According to a survey carried out by the Institut français d'opinion publique (Ifop), 82 per cent of those questioned said they didn't have confidence in the government's ability to increase purchasing power.

And there's a general pessimism about things getting better any time in the near future, with only 37 per cent saying they remained "optimistic" as opposed to 53 per cent at the end of last year.

The general feeling also seems to be backed up by other figures. Those for example which reflect a change in the way the French holiday. This is a country which traditionally has a reputation for closing down for two months over the summer.

Although summer isn't quite over yet (in spite of what the weather would have us believe) there's plenty of recent evidence around that the French have spent it busily counting their hard-earned centimes. Another Ifop poll at the end of July showed that 42 per cent of them had decided not to go on holiday this year. And according to Protourisme - an organisation representing France's hoteliers - the usually buoyant domestic French tourist industry has also been hit with overnight stays during July and August expected to witness a drop of two per cent over the same period last year.

Of course opinion polls don't tell the whole story. There's always a margin of error, but in these days where spin is an important part of political life this latest "purchasing power" survey won't make the government's job any easier in convincing the public that its policies are working, even as it prepares to push through a raft of reforms for parliamentary approval in the autumn.

In June it launched a media blitz campaign spending €4 million of taxpayers’ money on a television and press campaign to explain how it was going to win the battle to increase purchasing power. But apparently people still remain unconvinced.

While some would argue that it's up to individuals to create their own wealth and not the role of the state, the French government has passed a series of measures that are supposed to create those very conditions for economic growth.
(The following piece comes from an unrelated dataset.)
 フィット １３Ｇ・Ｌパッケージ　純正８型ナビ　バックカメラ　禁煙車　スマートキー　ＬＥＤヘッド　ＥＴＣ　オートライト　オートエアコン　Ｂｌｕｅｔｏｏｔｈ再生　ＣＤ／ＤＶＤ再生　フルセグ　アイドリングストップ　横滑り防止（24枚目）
They've included a relaxation of the country's 35-hour working week, which many economists agreed had put something of a stranglehold on the French labour market ever since it was introduced 10 years ago, and a reform to employment laws making overtime possible and giving people the chance to (in the words of Sarkozy's often repeated mantra) "work more to earn more."

If the public remains unconvinced, the economic figures don't exactly help either. According to a report in the weekly news magazine L'Express, the gross domestic product is now expected to see a projected growth of one per cent in 2008 - less than had been hoped. And although the magazine says evidence from the European Commission points to the contrary, the prime minister, François Fillon, maintains France is on target to reduce the public deficit from 2.7 to 2.5 per cent of GDP by the end of the year.
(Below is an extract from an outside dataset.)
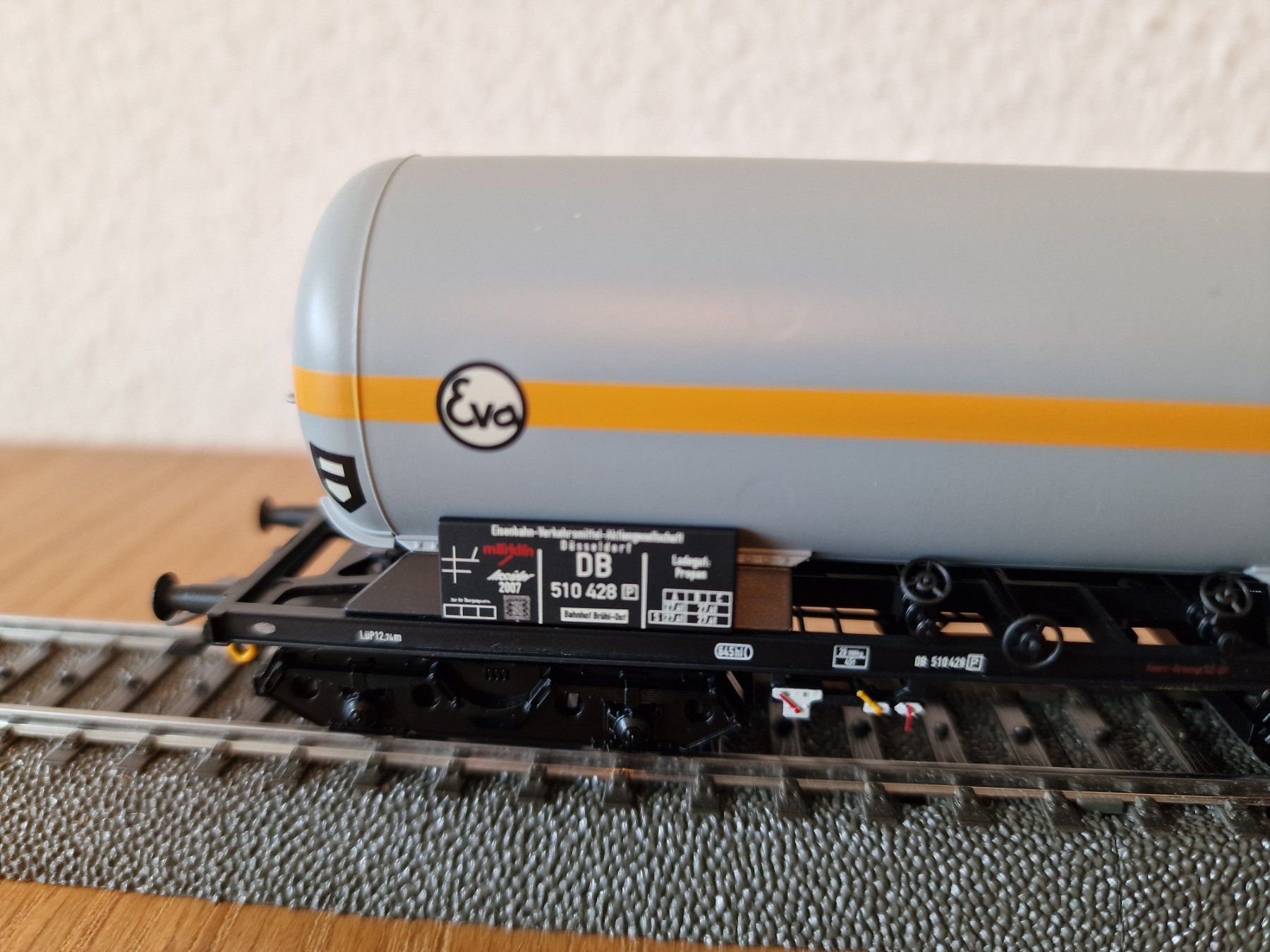 Märklin Modellini di ferrovie: DB Tankwagen H0 – Usato da Matten b. Interlaken venduto da lor_hr9w 3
Still to continue process of reform and find the money to invest in social policies and transportation for example, the government needs money. Money that by its own admission it simply doesn't have and hasn't had since introducing a fiscal package costing a cool €13 billion in August last year, shortly after coming to power, which critics claim benefitted primarily the already better off by reducing inheritance tax.

Increases in the price of fuel and the consequent rise in the cost of a range of household products are of course not confined to France.

When it comes to public opinion people in this country (as in any other) don't really want to hear about global explanations to the problem. They want the government to address the everyday issues that effect them.

Little wonder then that with no money available to boost the economy and certainly none around for general tax breaks, the French are "feeling the pinch." And it's no surprise that they are also pretty gloomy about the future for a country in which half the population earns less than €1,500 per month when the best they're likely to be offered, at least in the short term, is more belt tightening.